高価なパイプ?グレインが良いパイプ?これは多くの人が安いグレインが悪いパイプでも美味しいパイプに当たったことがあるでしょうから、単なるお金持ちの自慢だと考えてよさそうです。ロングシャンクのパイプ?ベントしたパイプ?もしそうならこれらのシェイプが大半になっているんじゃないかな。ビンテージパイプ・コレクターとしての僕の口からは<ブライヤーの質>だの<キュアリング>だのという言葉が出てくることを期待している人もいるかもしれないけれどここではその辺りに触れることはやめておきましょう。

僕の経験と信念では、良いパイプとは『コントロールしやすいパイプ』ということになっています。

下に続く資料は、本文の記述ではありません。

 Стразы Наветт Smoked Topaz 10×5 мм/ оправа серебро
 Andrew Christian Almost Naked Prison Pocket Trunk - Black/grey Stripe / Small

コントロールの良さ。これはボウルの大きさから煙道の太さ、リップ内スロットの形状など色々な要素が複雑に混じりあって生まれるものですから、一概にこれこれこういうパイプが良いパイプだ、とは言いにくいのですが、コントロールのしやすさは良いパイプの第一条件です。どんなに味が美味いパイプでも、あまりに使いにくいものはローテーションから外れていってしまうのを経験した方も多いはず。

コントロールが良いパイプとは、思うままに煙を操れる、操作性が良いパイプのことです。こういったパイプは初心者でも簡単に扱えるし、ベテランならストレスを感じることなくそれこそ官能を感じるほどの<煙を操る>感覚を味わえます。勿論上手く吸えることにも繋がるわけで、煙草も美味しく吸えるわけです。

逆に、コントロールが悪いパイプを使っていると、喫煙技術は向上しません。初心者にはパイプのせいで自分の喫煙法のどこが悪いのか、原因を特定することが困難になるからです。ベテランといえども、使いにくいパイプをわざわざ使いこなすのは、遊びとしては面白いでしょうが普段の喫煙としてはストレスが溜まります。

特に初心者は、コントロールの良さから得られる恩恵は非常に大きいです。コントロールの良いパイプを使いましょう。